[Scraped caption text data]
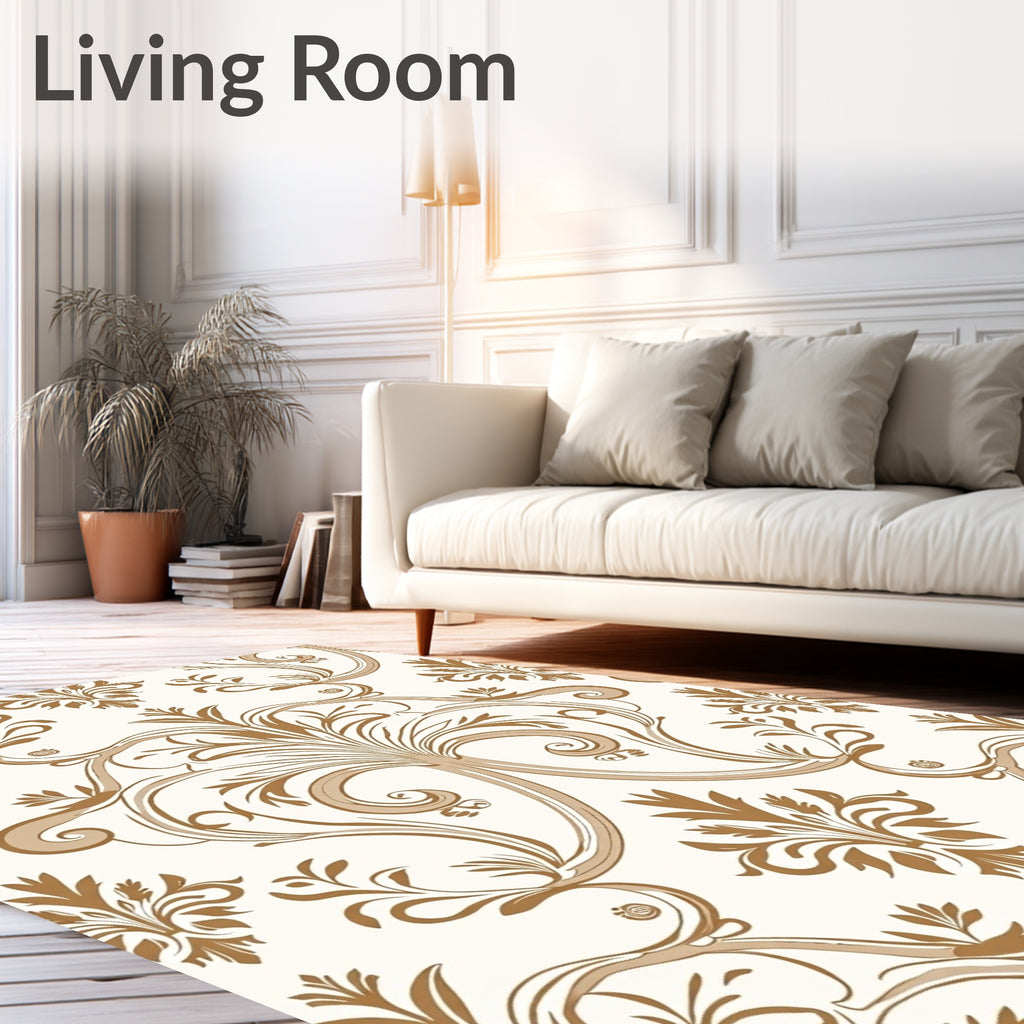 Elegant Bronze Floral Scrolls Fabric Rug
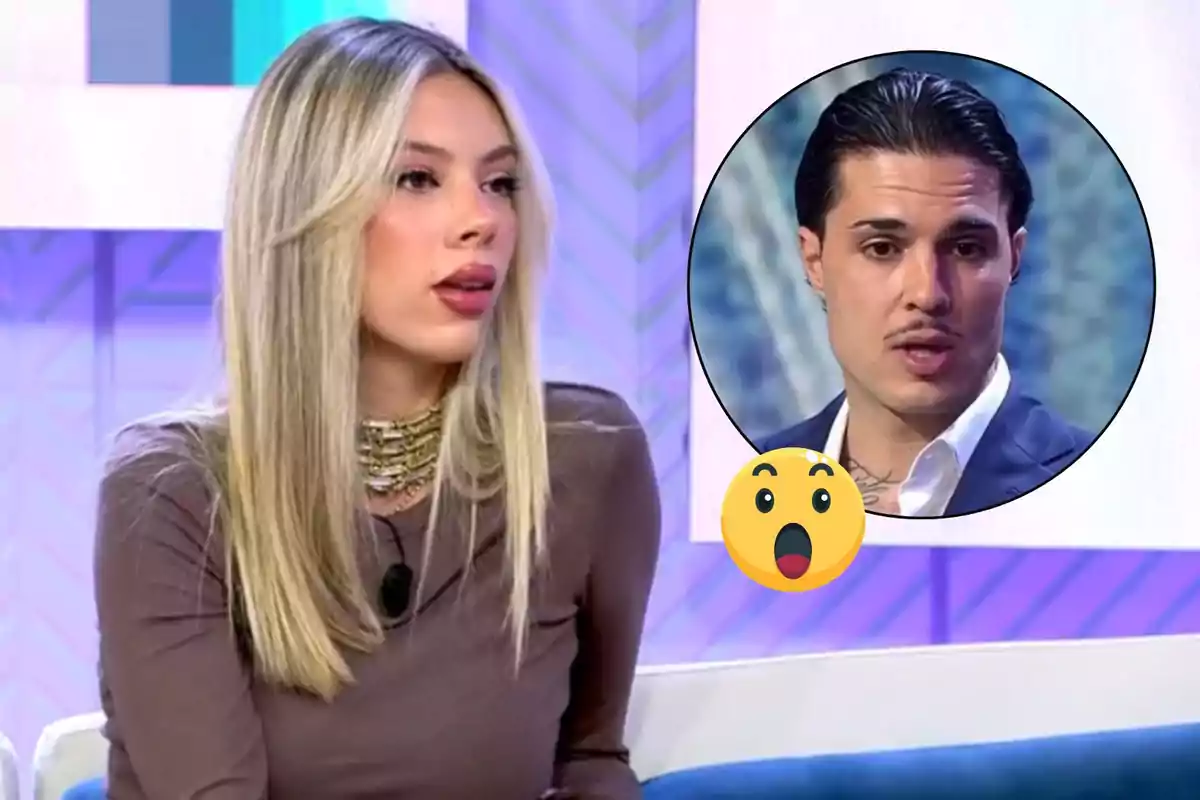 A blonde woman on a television show with a box showing a dark-haired man and a surprised emoji.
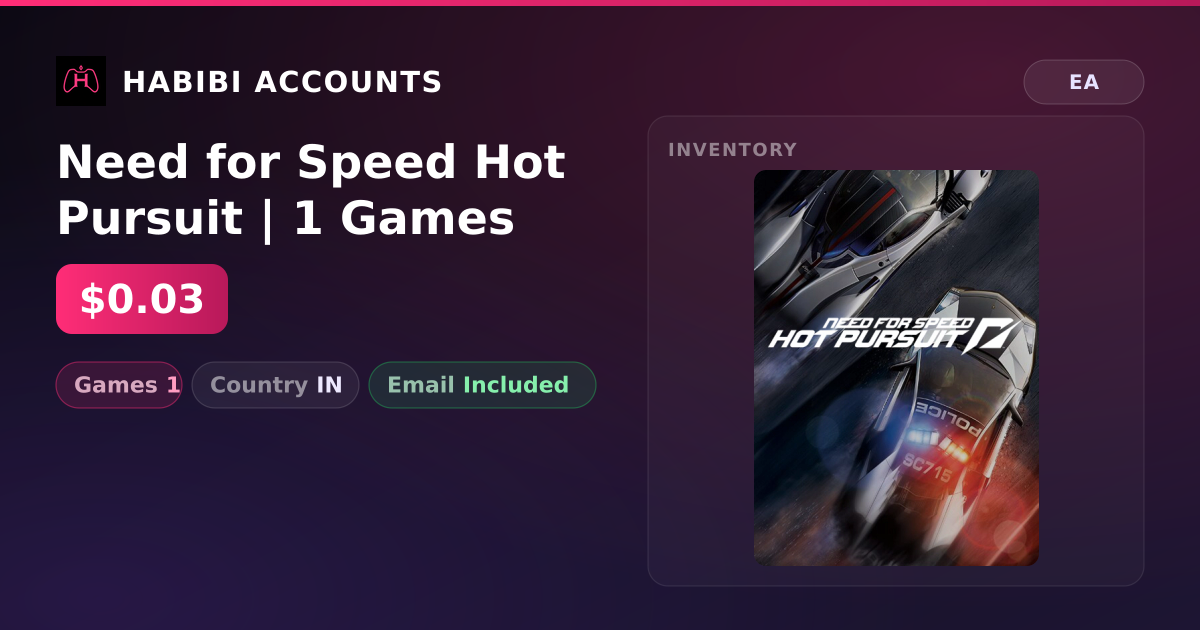 Need for Speed Hot Pursuit | 1 Games — HabibiAccounts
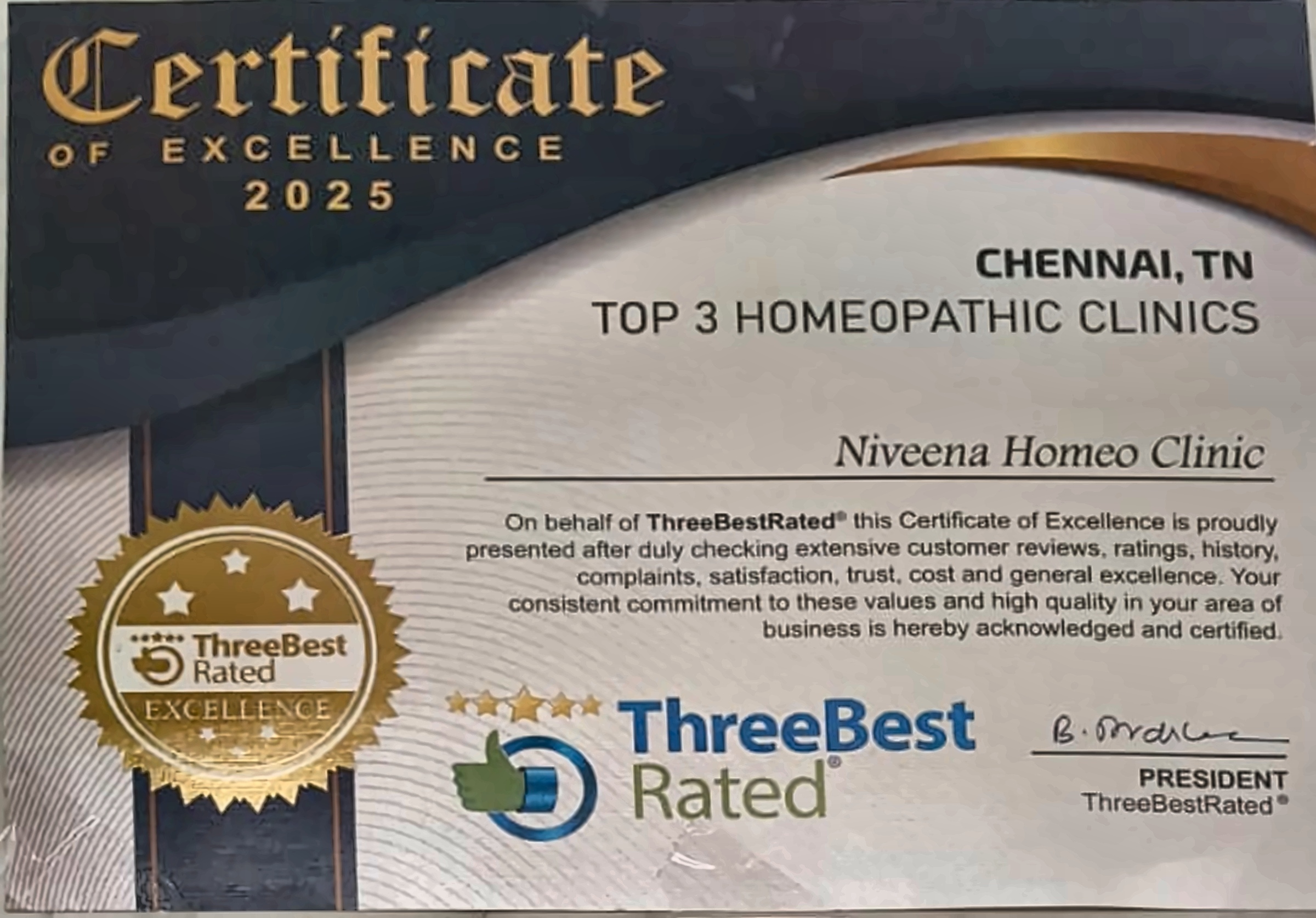 2025 ThreeBestRated Certificate of Excellence for Niveena Homeo Clinic
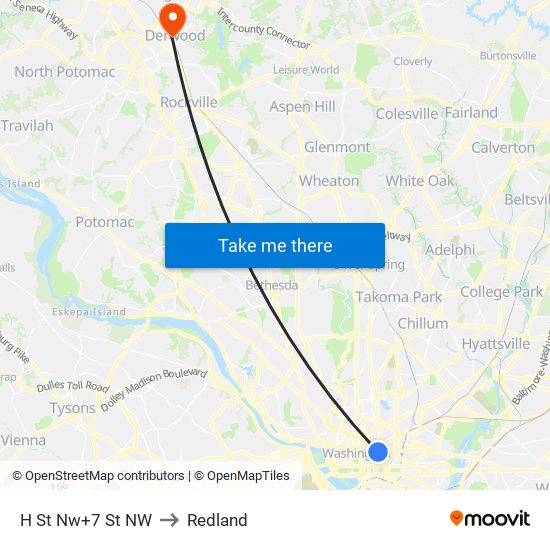 H St Nw+7 St NW to Redland map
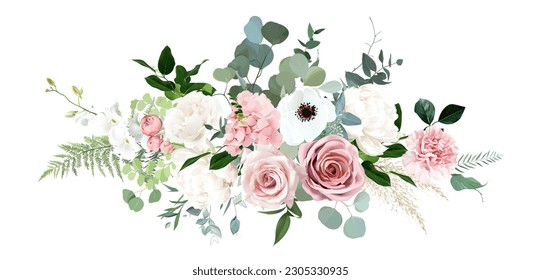 Blush pink rose, ranunculus, peony, white anemone  flowers, pampas grass, eucalyptus vector design bouquet. Wedding floral and greenery. Mint, silver, sage tones. Elements are isolated and editable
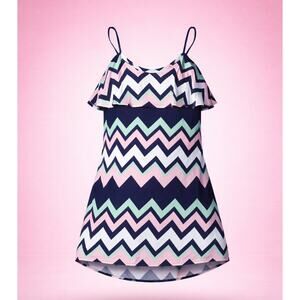 West Loop Zig Zag Tunic Top Womens XL Sleeveless Chevron Ruffle Blouse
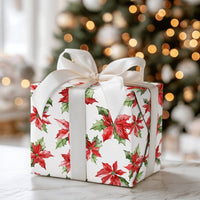 Red Floral Christmas Gift Wrap, Watercolor Poinsettia Wrapping Paper, Winter Floral Present Paper, Holiday Wrapping Paper, Xmas Gift Wrap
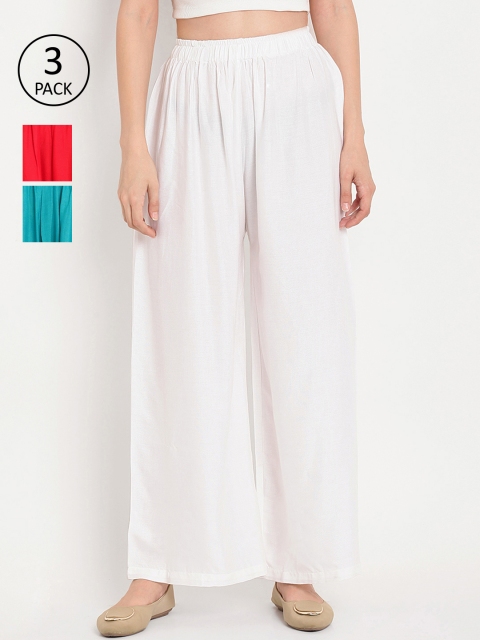 

TAG 7 Women Pack of 3 Solid Flared Palazzos, White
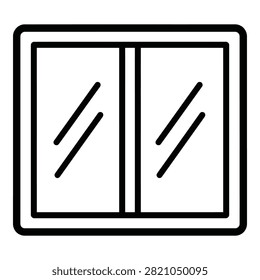 A simple black and white icon of a window with diagonal lines on glass panes, symbolizing a modern design element or architectural feature for various uses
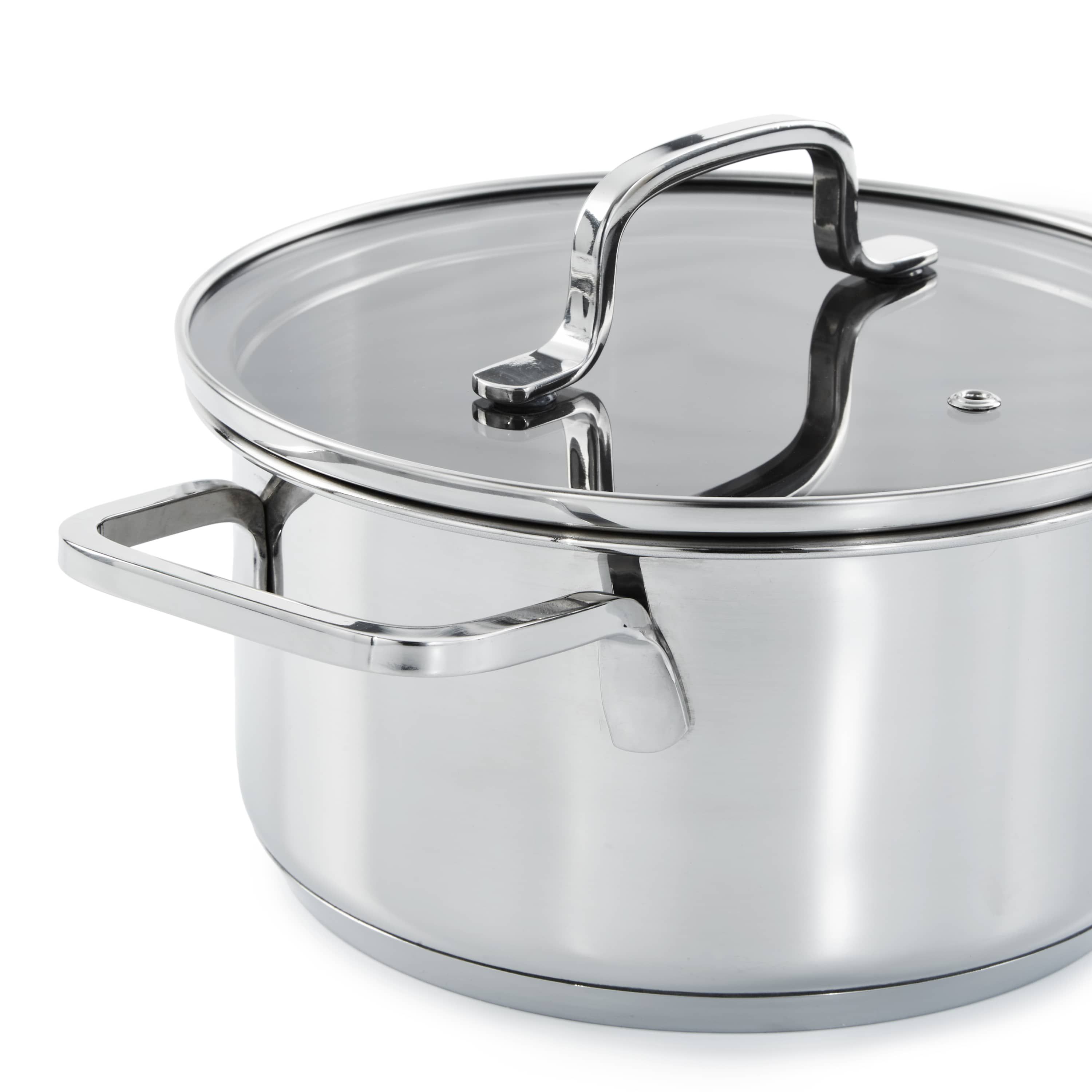 BergHOFF Helix Recycled 18/10 Stainless Steel 7.25" Stockpot 2.2qt. With Glass Lid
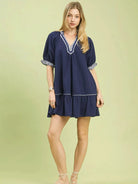 Umgee Tiered & True French Terry Mini Dress with Striped Trim-Women's Dresses-Shop Z & Joxa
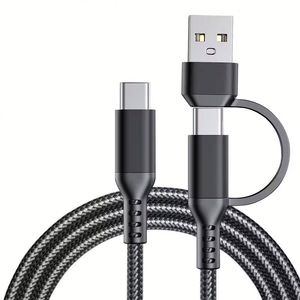 Newest 2-in-1 <b>USB</b>-<b>C</b> + <b>USB</b> a Nylon Braided <b>Type</b>-<b>C</b> Adapter <b>Cable</b> 3A 60W <b>Type</b> <b>C</b> Fast Multi-Charging <b>Cable</b> for IPhone 15 16 - Product Image 2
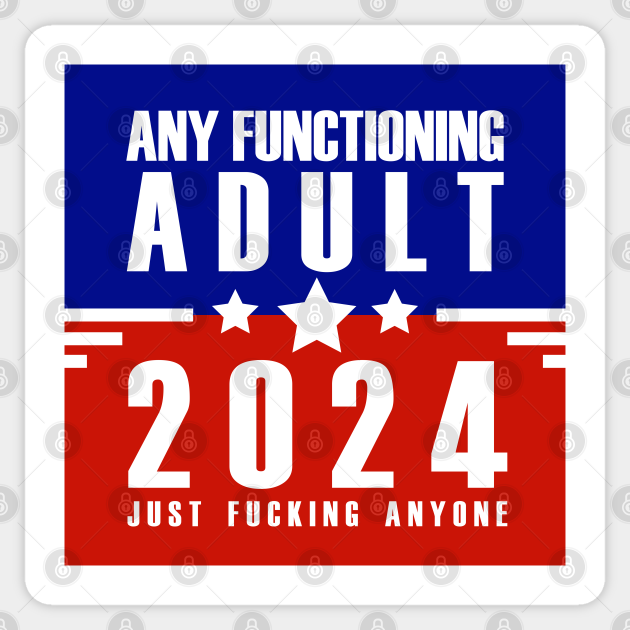 any functioning adult 2024 Elections Sticker TeePublic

◆ ACTION ITEM
Pictures aside, set down the lines from the one containing "A simple black" through the end of the records above, exactly and only those.

◆ ANSWER TO THIS TASK
 A simple black and white icon of a window with diagonal lines on glass panes, symbolizing a modern design element or architectural feature for various uses
 BergHOFF Helix Recycled 18/10 Stainless Steel 7.25" Stockpot 2.2qt. With Glass Lid
 Umgee Tiered & True French Terry Mini Dress with Striped Trim-Women's Dresses-Shop Z & Joxa
 Newest 2-in-1 <b>USB</b>-<b>C</b> + <b>USB</b> a Nylon Braided <b>Type</b>-<b>C</b> Adapter <b>Cable</b> 3A 60W <b>Type</b> <b>C</b> Fast Multi-Charging <b>Cable</b> for IPhone 15 16 - Product Image 2
 any functioning adult 2024 Elections Sticker TeePublic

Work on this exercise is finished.